I like my car. It’s a 2011 Toyota toaster, I mean Camry. If you made a list of everything a car has to do, the Camry would check all the boxes. It gets me from point A to point B with the consistency a learning golfer would envy. It’s a toaster. You put in the bread, choose your level of toastiness, push down the thingy and then wait for it to pop up. But there is one interesting thing about my car. The shifter. That’s it up there. That is definitely not conventional at all. So, what’s with Toyota’s weird shifter pattern?
Toyota Gated Shifter Design
The shifter pattern used by Toyota is designed to function similarly to a traditional gated manual transmission.

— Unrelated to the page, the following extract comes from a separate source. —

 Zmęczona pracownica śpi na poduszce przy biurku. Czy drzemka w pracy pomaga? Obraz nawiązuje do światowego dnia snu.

The “gate” is the metal or plastic pattern that guides the shifter.
A gated shifter helped drivers find the specific gears easier if the car had a picky gearbox, instead of leaving them wandering around in the Transmission Forest for hours searching for the elusive Great Gear of Truth (I don’t know how to drive a stick shift, so I’m assuming this is how it works based on context clues). Also, they look really cool and make a satisfying “clunk” sound when you shift.

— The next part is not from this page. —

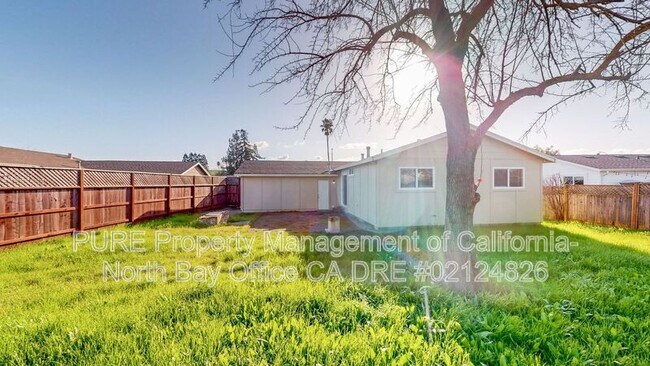 Building Photo - 1139 St Anthony Ln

Why would an automatic transmission need a gated shifter?
So what good does a gated shifter do on a car with an automatic transmission? You’ll notice the Toyota shifter does not have any kind of unlock button. The gated shifter pattern helps prevent the car from being accidentally knocked into a different gear. It also helps prevent you from “overshooting” when shifting and accidently putting the car in the wrong gear.
Speaking from personal experience, I’ve also found that the shifter pattern helps build shifting muscle memory (now I just need a something similar to help me with my golf swing). A few months ago, I got stuck in the snow, and had to set my car in low to help get a little extra traction. This was the first time I’d looked down at the shifter in about two and half years. I know whether the car is in drive or park or reverse (it’s a three-speed) without having to look at the shifter. The gate makes it much easier to do this than a straight-line shifter.

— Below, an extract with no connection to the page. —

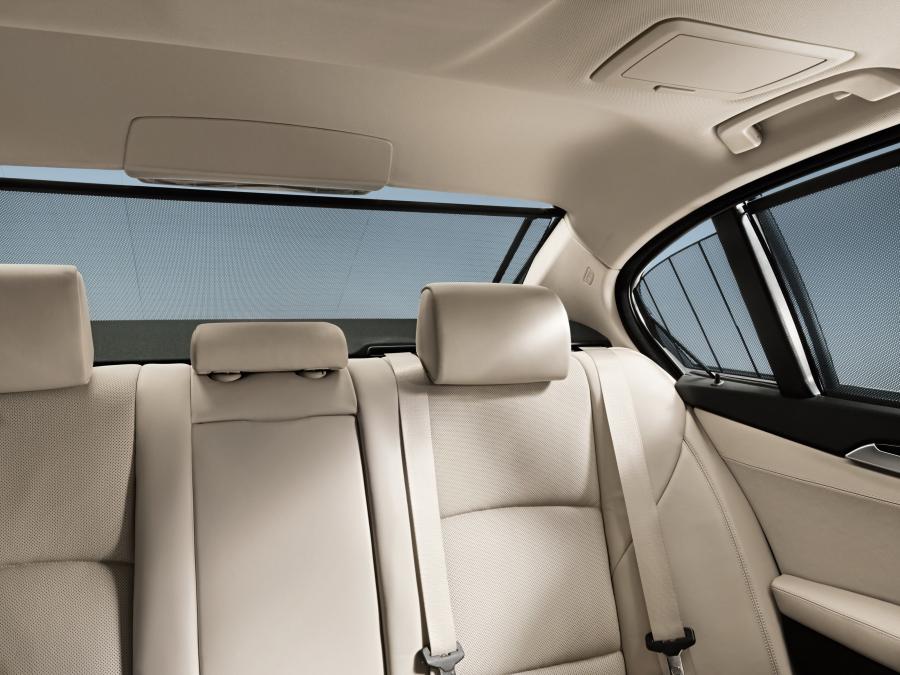  BMW 5-Series Long Wheelbase 2011 года  (фото 12 из 25)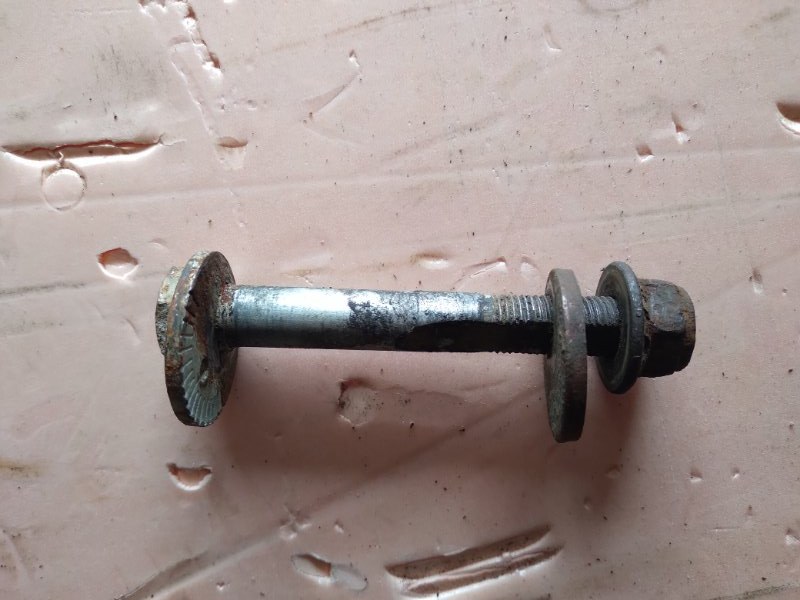 Запчасть болт развальный Mitsubishi Carisma 2003 DA1A 4G92 Б/У Болт развальный Mitsubishi Carisma 2003 DA1A 4G92 Б/У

Let’s throw it up to be CarDebated. Are you in favor of a gated shifter? Or a traditional straight-line design?
Dik
Jan 4, 2019 at 10:18 am
WOW! How can you call yourself a MAN when you can’t drive a vehicle with a MANual transmission? Does your Mommy or boyfriend wipe your bottom after you make Boom boom and take your temperature with a rectal thermometer?
Nikola
Jun 13, 2019 at 4:17 pm
You’re dumb… If you need a manual transmission to prove you are a man, you are NOT a man. You’re a dick, like your name applies! Grow a pair kid
YaBoi
Jul 18, 2019 at 5:38 am
Kid
Kent
Jul 4, 2019 at 7:46 am
I’ve NEVER had issues with a “straight-line design”. This was a solution in search of a problem. Even my teen son things the ‘gated shifter’ looks odd.
YaBoi
Jul 18, 2019 at 5:37 am
I use a straight-line design shifter on a Renault. I use clicks to help me recognize which gear i had selected. The maze-like design just seems it will slow down the driver in some situations. Straight-lined design is much easy and quicker to use.
To the guy insecure about his masculinity, I have a manual license yet I drive automatic since I live in a city. It’s horrible to drive manual in a busy city. if I lived in a remote area, I wouldn’t mind any transmission.
Ulysses Rex
Sep 10, 2020 at 11:12 pm
It is just another stupid idea whose time has come.